Don Coscarelli is a filmmaker famous in the horror community for his often-terrifying movies and routinely amiable nature. While only in his mid-twenties, Coscarelli wrote and directed 1979’s independently financed Phantasm, about an otherworldly undertaker who goes about his evil business with help from a lethal flying sphere. The film was a franchise-inaugurating hit which so impressed a young J. J. Abrams that the director later referenced the movie by giving the name Captain Phasma to Gwendoline Christie’s character in 2015’s Star Wars: The Force Awakens. More than two decades after making Phantasm, Coscarelli directed 2002’s Bubba Ho-Tep. Another low-budget movie, the horror-comedy starred Bruce Campbell as a mummy-battling Elvis Presley and, like Phantasm, would go on to be hailed by horror fans as a cult classic. A few years later, Coscarelli confirmed his reputation as a maestro of the genre by directing the first episode of the horror anthology TV show Masters of Horror, “Incident On and Off a Mountain Road.”

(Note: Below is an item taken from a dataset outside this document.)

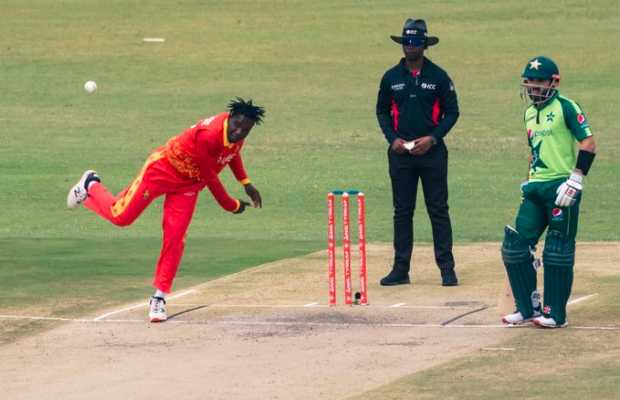 Zimbabwe thrash Pakistan batting lineup while chasing 119-run target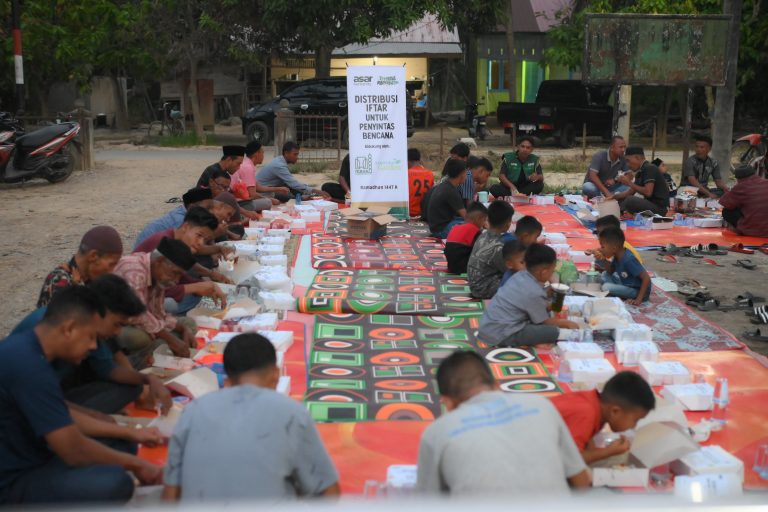 Ribuan Paket Buka Puasa Hadir untuk Warga Bireuen Pascabanjir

Coscarelli tends to recall his professional setbacks and battles with a smile. Even so, when the filmmaker spoke over Zoom for this book, his mood darkened as he talked about the state of his career, and of the horror genre as a whole, during the early 1990s. The director illustrated the parlous state of the horror movie at that time by relating what he described as a “funny story,” although the humorous nature of the anecdote would only have become apparent retrospectively.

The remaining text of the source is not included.